The records below are to be reproduced exactly, and no picture should appear in the copy.
--- START ---
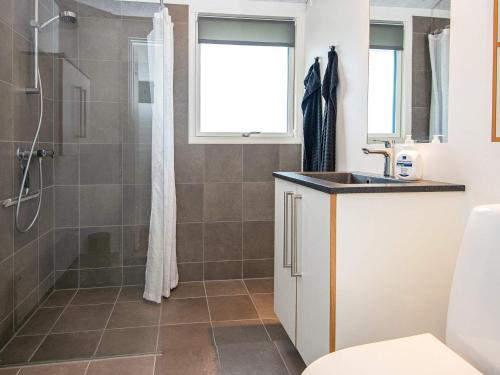 a bathroom with a shower and a sink at 5 person holiday home in Aabenraa-By Traum in Aabenraa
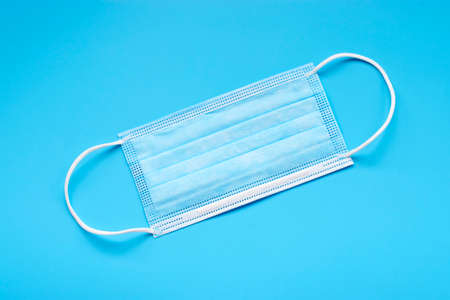 sterile medical mask on a blue background in the center.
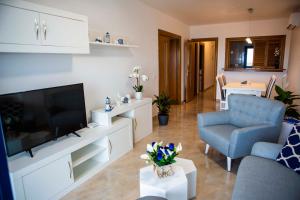 a living room with a flat screen tv and a blue chair at Apartment las sirenas WiFi 100 Mb in Roquetas de Mar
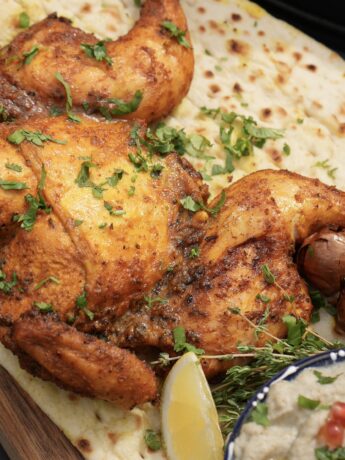 Lime and Turmeric Spatchcock Chicken served with baba ganoush.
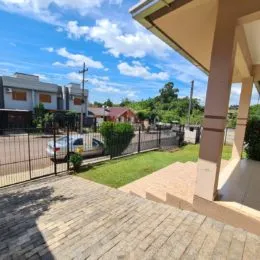 Deck de madeira externa com área verde ao fundo.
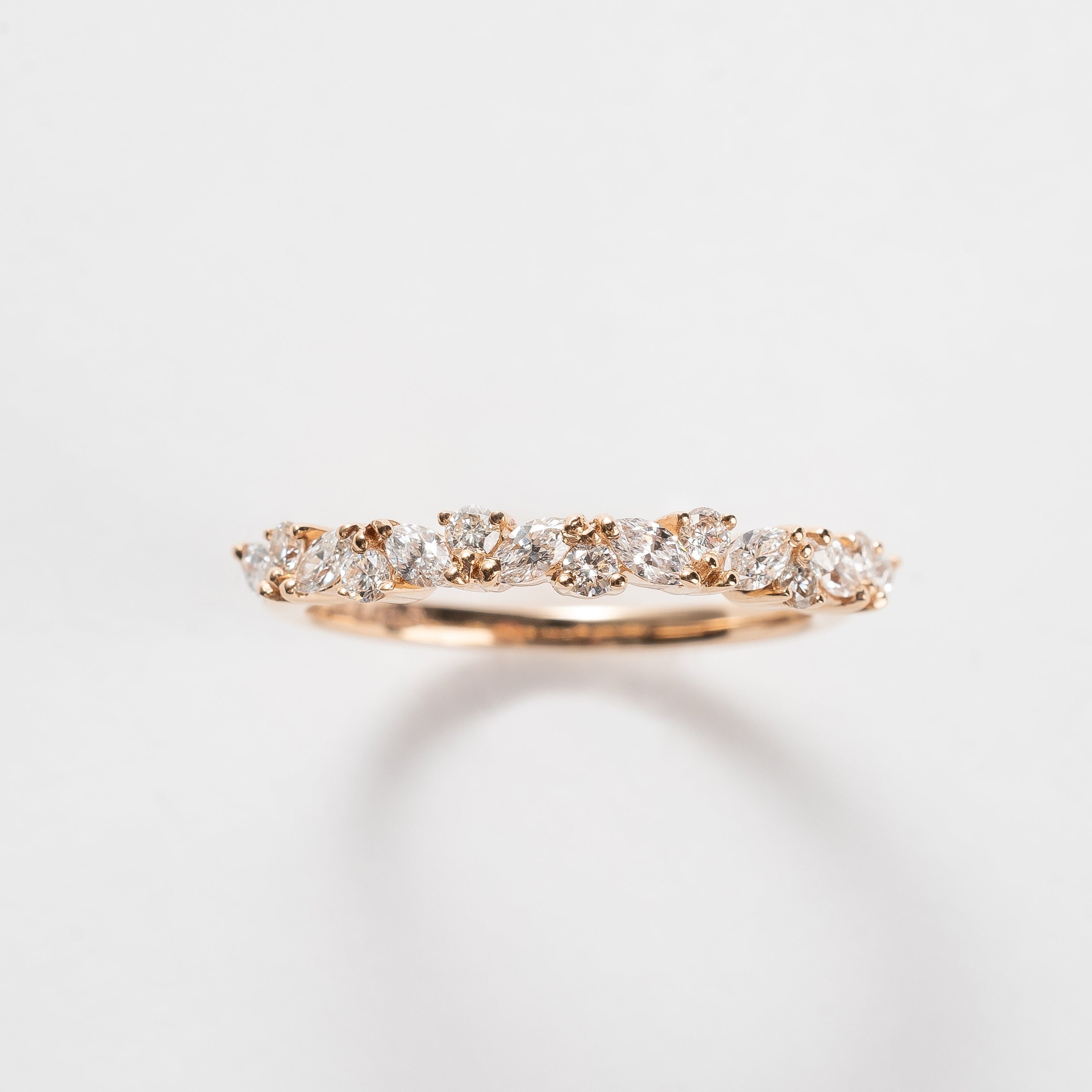 This band is set with different cut diamonds. It's a playful result between marquise cut and round cut diamonds. This style gives any look some extra sparkle.  18kt rose gold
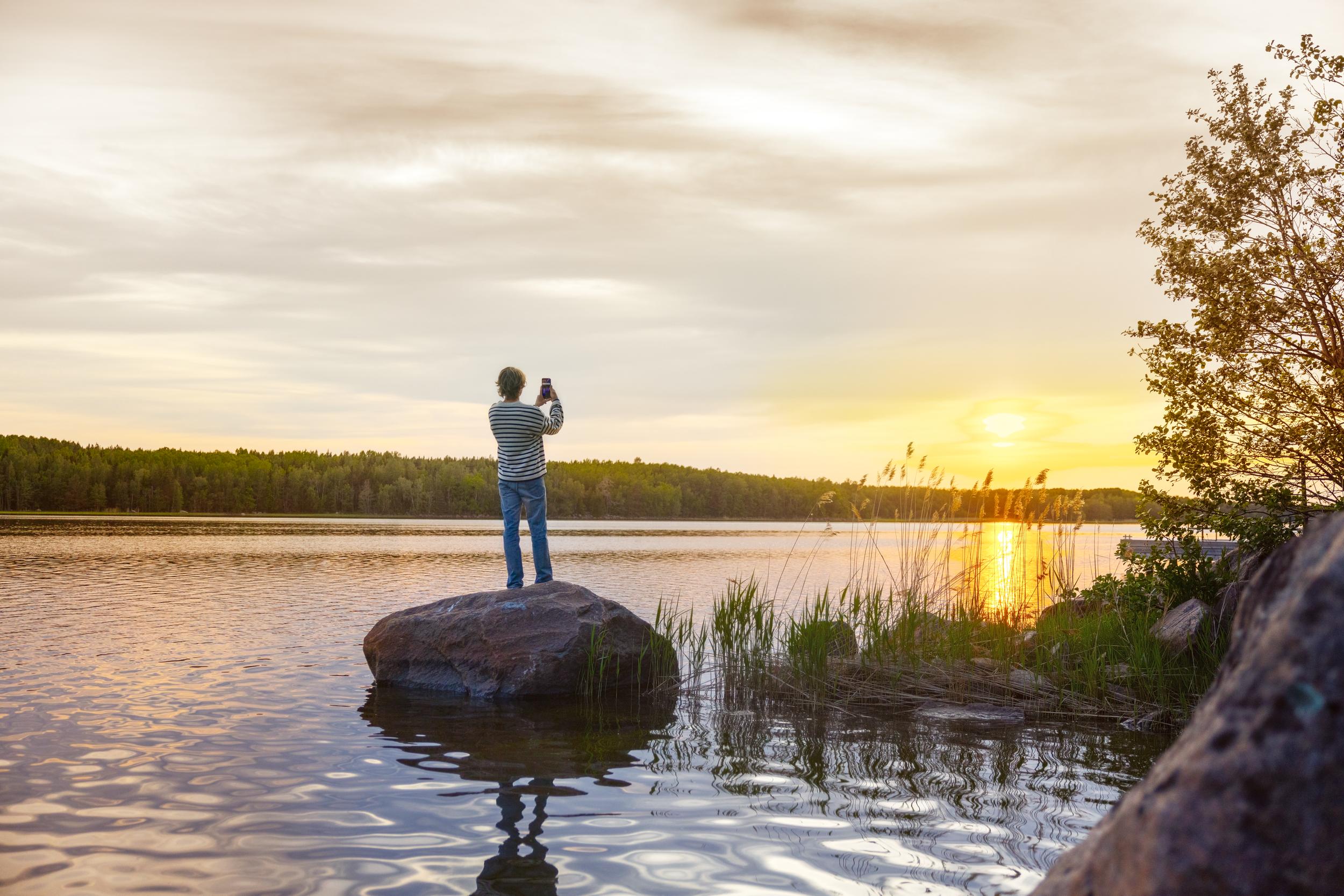 Kvinna som står på en liten holme och fotograferar solnedgången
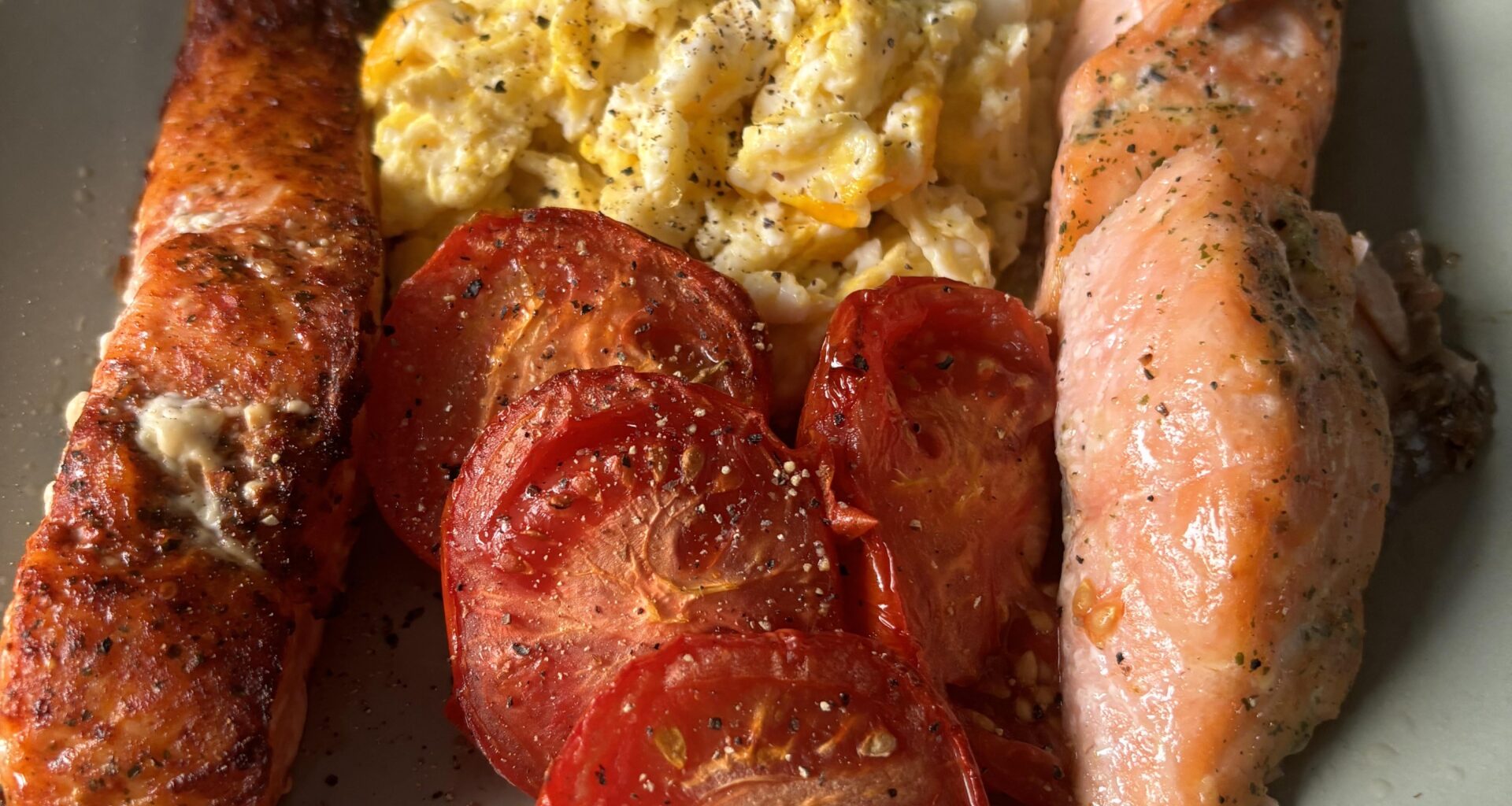 Harissa and lemon garlic salmon fillets with scrambled eggs and grilled tomatoes.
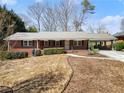 Charming brick home featuring a long driveway, carport, and landscaped yard at 1421 Downs Sw Dr, Atlanta, GA 30311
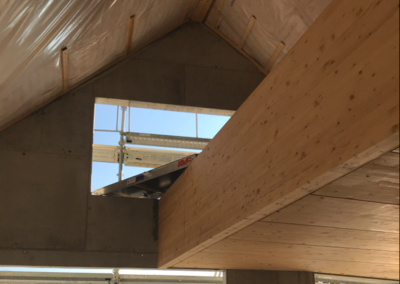 OVALE & Partenaires Ingénieur Civil - Immeuble Trolliet Corseaux - Mezzanine bois sur pignon en béton armé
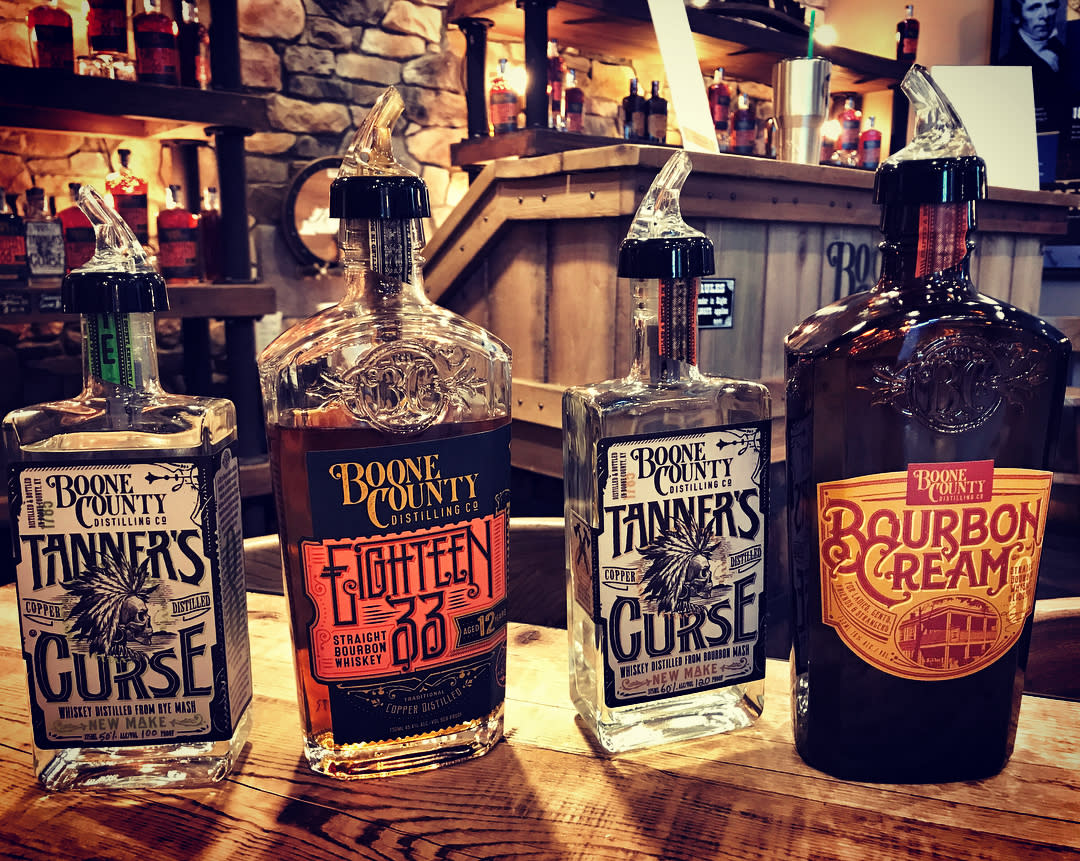 Two bottles of new make bourbon called Tanner's Curse, a brown bottle of Bourbon Cream and a bottle of 1833 bourbon on a wood table at Boone County Distilling Co.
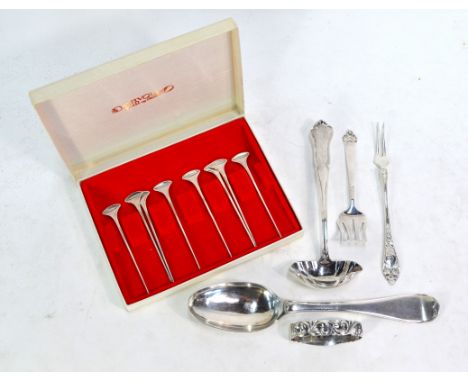 A set of eight Norwegian 830 grade Nils Hansen design cocktail sticks, to/w a sauce ladle, pickle fork, sardine server, napki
--- END ---
RESULT OF THIS EXERCISE =
 a bathroom with a shower and a sink at 5 person holiday home in Aabenraa-By Traum in Aabenraa
 sterile medical mask on a blue background in the center.
 a living room with a flat screen tv and a blue chair at Apartment las sirenas WiFi 100 Mb in Roquetas de Mar
 Lime and Turmeric Spatchcock Chicken served with baba ganoush.
 Deck de madeira externa com área verde ao fundo.
 This band is set with different cut diamonds. It's a playful result between marquise cut and round cut diamonds. This style gives any look some extra sparkle.  18kt rose gold
 Kvinna som står på en liten holme och fotograferar solnedgången
 Harissa and lemon garlic salmon fillets with scrambled eggs and grilled tomatoes.
 Charming brick home featuring a long driveway, carport, and landscaped yard at 1421 Downs Sw Dr, Atlanta, GA 30311
 OVALE & Partenaires Ingénieur Civil - Immeuble Trolliet Corseaux - Mezzanine bois sur pignon en béton armé
 Two bottles of new make bourbon called Tanner's Curse, a brown bottle of Bourbon Cream and a bottle of 1833 bourbon on a wood table at Boone County Distilling Co.
 A set of eight Norwegian 830 grade Nils Hansen design cocktail sticks, to/w a sauce ladle, pickle fork, sardine server, napki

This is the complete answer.